Many economists are now predicting that there are only one or two cash rate rises left in the RBA’s current cycle, and that rates may start to fall as early as the first quarter of 2024.

On a variable rate, customers will be better off as interest rates fall. “It’s about predicting that risk and offsetting the risk,” said Koh. “And you have to remember that economists often get it wrong.”

Some variable home loans also come with features like an offset account and redraw facilities, which can come in useful depending on fluctuations in the levels of your income and rises in the cost of living. The main drawback, however, is uncertainty, which can make it harder to plan a budget for the future.

 

Hybrid options

It’s becoming increasingly popular to choose a compromise between fixed and variable rate home loans.

“You can fix a portion of your loan and have the rest variable,” said Feeney. “So, that means you can make early repayments if you’d like to, which gives you more flexibility in managing your affairs.

“Some lenders are also now offering people discounts on the variable rate, maybe up to 40 or 50 basis points, which can make a big difference.”

Another option is fixing for just one year and reassessing your situation or refinancing once the fixed term expires.

 

Do the homework

There are some great deals out there for home loans from the big banks, the smaller ones and the non-bank lenders, but it’s important to shop around and check them all out.

And even when you do settle on a good deal and commit to a loan, that’s no reason to be complacent. “You can be a victim of ‘rate creep’ where a lender later offers new customers a better deal than you had,” warns Kaleski.

“Existing customers can end up being charged a significant amount more. So, you need to keep an eye on what’s happening with your loan and don’t be afraid to renegotiate with your existing lender or to change lenders if you’re not satisfied. It can be a nuisance, and you wouldn’t want to do it too often, but it can save you a lot.”

 

What to do now

If your fixed-rate loan is expiring this year, talk to your bank early and start shopping around three months, if possible, before the expiry date, Feeney recommends.
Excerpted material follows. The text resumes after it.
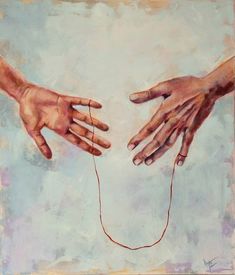 Cette œuvre représente deux mains reliées par un fil. This Artwork is about love, connection, relationships... man and woman, about necessity to be together. Zestaw Ikon, Romance Art, Tableau Art, Ap Art, A Level Art, Romantic Art, Ethereal Art, Hand Art, Love Painting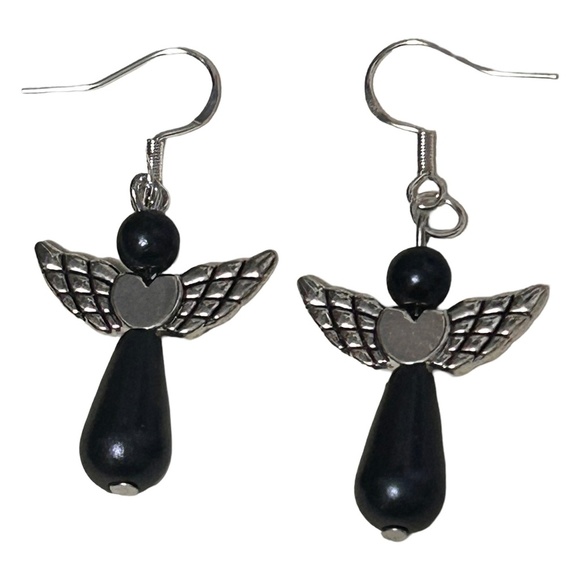 Hand Crafted Drop Earrings 3-D Articulating Angel Black Pearl Silver Plate Wires - Picture 4 of 6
“The worst thing you can do is put your head in the sand and hope it all goes away,” he said. “Lenders have algorithms on what they’ll offer each client in different circumstances, so they have room to move.

“Approach lenders proactively, shop around, and then ask others to match – or better – the rates, and deals, you’ve found. They’re all open to conversation and what’s the worst that could happen from a 15-minute phone call? And the best is that you can save a lot.”